Support for managed identities and workload identities is now Generally Available (GA) for Microsoft Azure Red Hat OpenShift clusters. As a fully managed offering, Azure Red Hat OpenShift is a trusted, comprehensive and consistent application platform for building, deploying, and managing your applications at scale. It’s jointly operated and engineered by both Red Hat and Microsoft, providing an integrated support experience and allows organizations to focus on building and deploying applications, not managing the underlying infrastructure.
This is a significant milestone that provides an enhanced security posture for how your Azure Red Hat OpenShift clusters access other Azure resources. This enables you to eliminate the complexity of managing service principal credentials and embrace a more streamlined and secure authentication process.
Why use managed identities?
As discussed in our previous blog, managed identities significantly enhance security by replacing long-term credentials, such as client secrets, with short-lived tokens. This approach minimizes the risk associated with compromise due to a token's brief lifespan and narrowly defined permissions. A further benefit is the reduction in operational overhead, as they eliminate the need for manual management and rotation of secrets, keys, and certificates.
How to use managed identities
To use managed identities for an Azure Red Hat OpenShift cluster, you must create user-assigned managed identities for each Azure Red Hat OpenShift component and provide the proper role assignments over the required resources. Azure Red Hat OpenShift uses multiple user-assigned managed identities, each mapped to a particular operator or component. These identities are associated with a specific built-in role, with each role assignment scoped following the principles of least privilege. Once that is complete, you can use those in the creation of the cluster.
With the GA release, you can provision managed identity Azure Red Hat OpenShift clusters using Azure Resource Manager (ARM), Bicep, or the current command-line interface (CLI) extension. We will soon enable this capability natively in the Azure CLI and through the Azure portal. For a complete guide, read Understand managed identities in Azure Red Hat OpenShift.
Using identities for your applications
In this context we refer to it as “workload identities.” As per the Microsoft Azure documentation for What are workload identities?, it is described as “something you need for your software entity to authenticate with some system.” For an Azure Red Hat OpenShift cluster, you can use a user-assigned managed identity to enable your applications to access other Azure services.

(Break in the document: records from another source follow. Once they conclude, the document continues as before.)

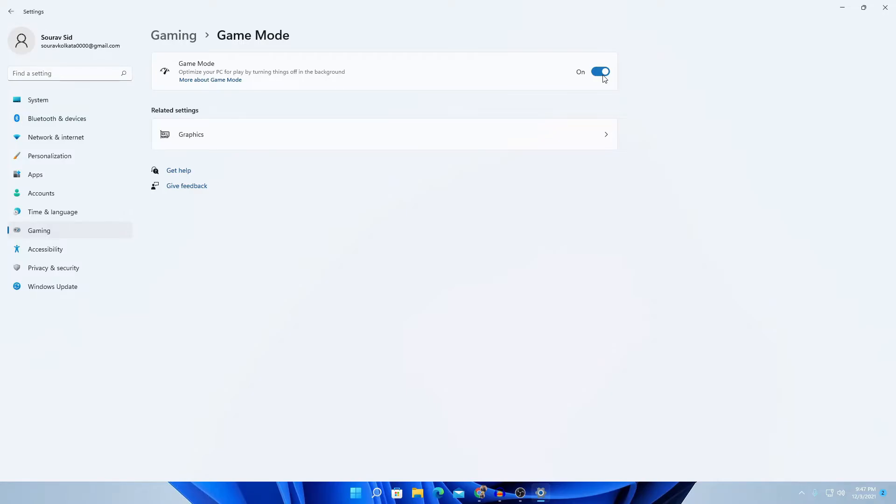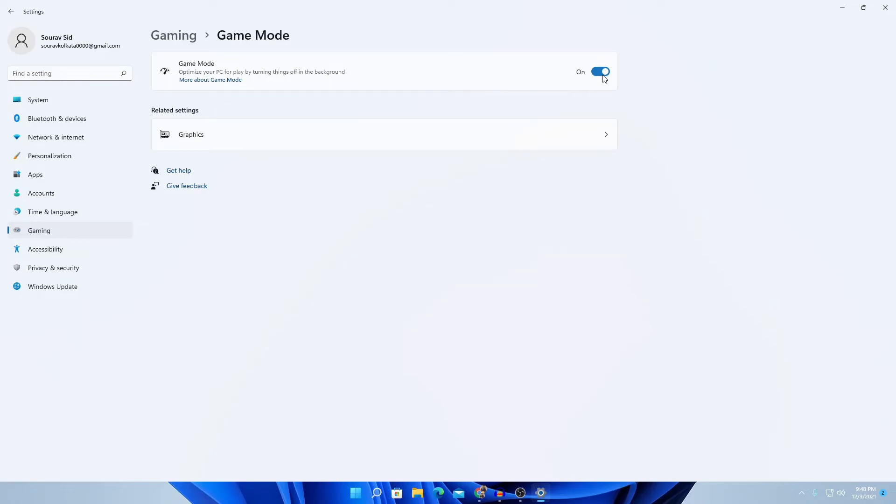If you want to play games and want to see your FPS very good, game mode helps because it manages every app or software in your background. You can turn game mode on for better performance.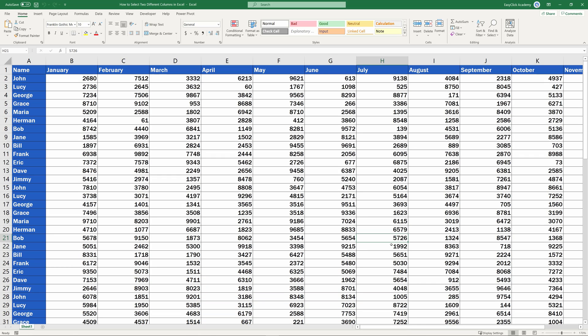When working in an Excel sheet, sometimes we may need to select different columns that might not happen to be next to each other. Let's have a look at how to do that quick and easy.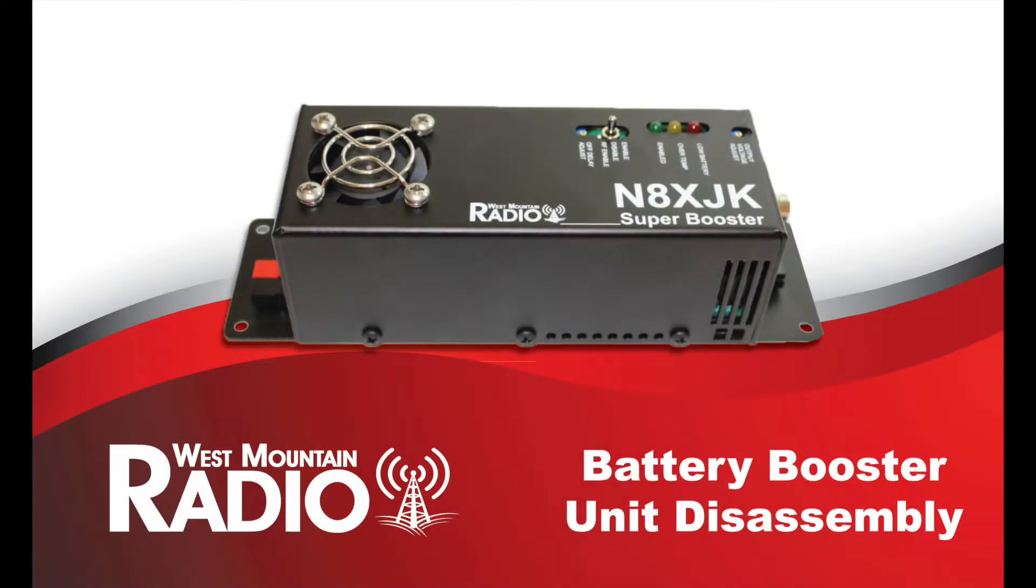This video will show you how to disassemble your N8XJK Super Booster unit to adjust the minimum voltage trip point jumper to your desired setting.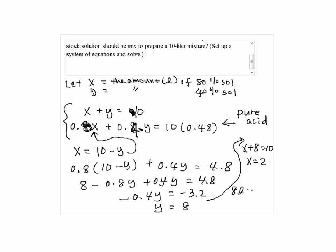So we have 8 liters of 40% solution and 2 liters of 80% solution.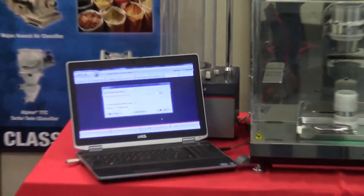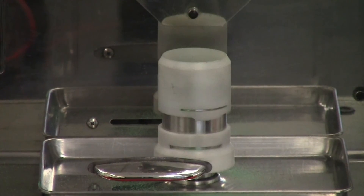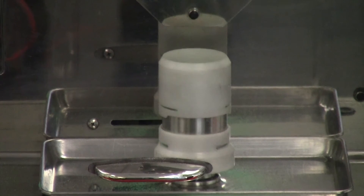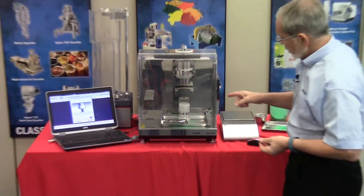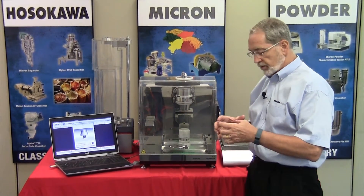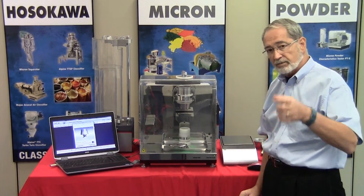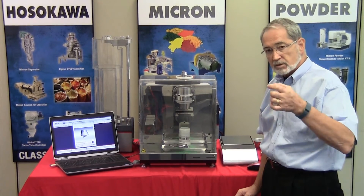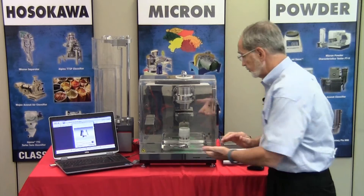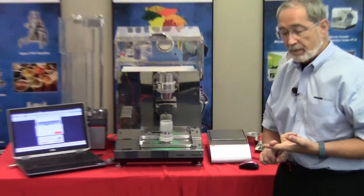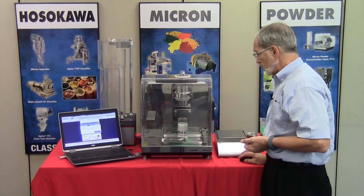Now that the cup is filled, we press start to begin the tapping sequence. This will tap for the full 180 taps, compressing the product within the vessel. The key is to confirm periodically that the material is not passing below the edge of the stainless steel cup, since we're working off a defined volume of 100 cc or 100 ml. If the material drops beneath the cup level, open the cover — the tapping stops — add more material, re-close the cover, and begin tapping again.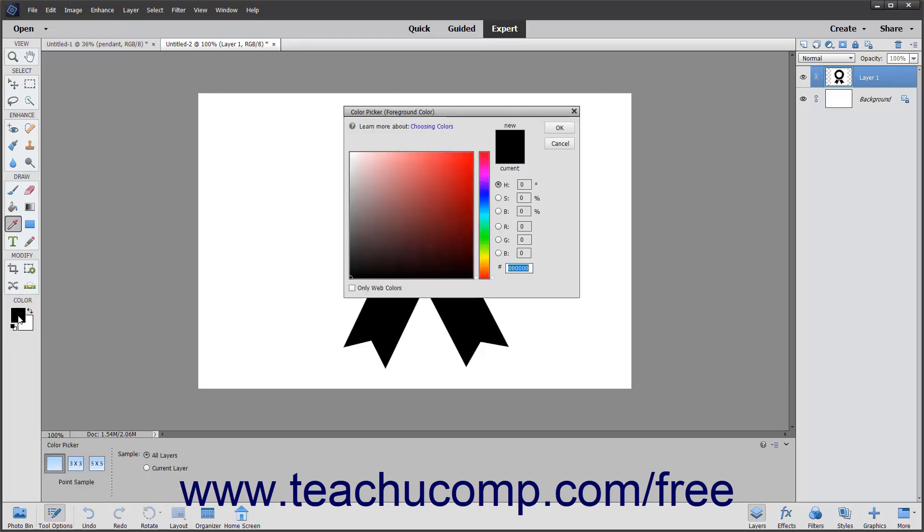You can visually select a color using the color field and color slider in this dialog box, or you can type numeric values for each color component into the fields provided if you know the desired color values.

For example, you can give a specific application read-only access to a single Key Vault or storage account, without sharing secrets or long-term credentials.
To implement this for your applications, the general workflow is:
- Create a user-assigned managed identity
- Perform a role assignment over the desired Azure resource
- Create a Kubernetes service account and set correct annotations
- Create a federated credential
- Deploy your application, ensuring that the proper label and service account are set
Read Deploy and configure an application using workload identity on an Azure Red Hat OpenShift managed identity cluster for more details.
What happens to managed identity clusters that were created during preview?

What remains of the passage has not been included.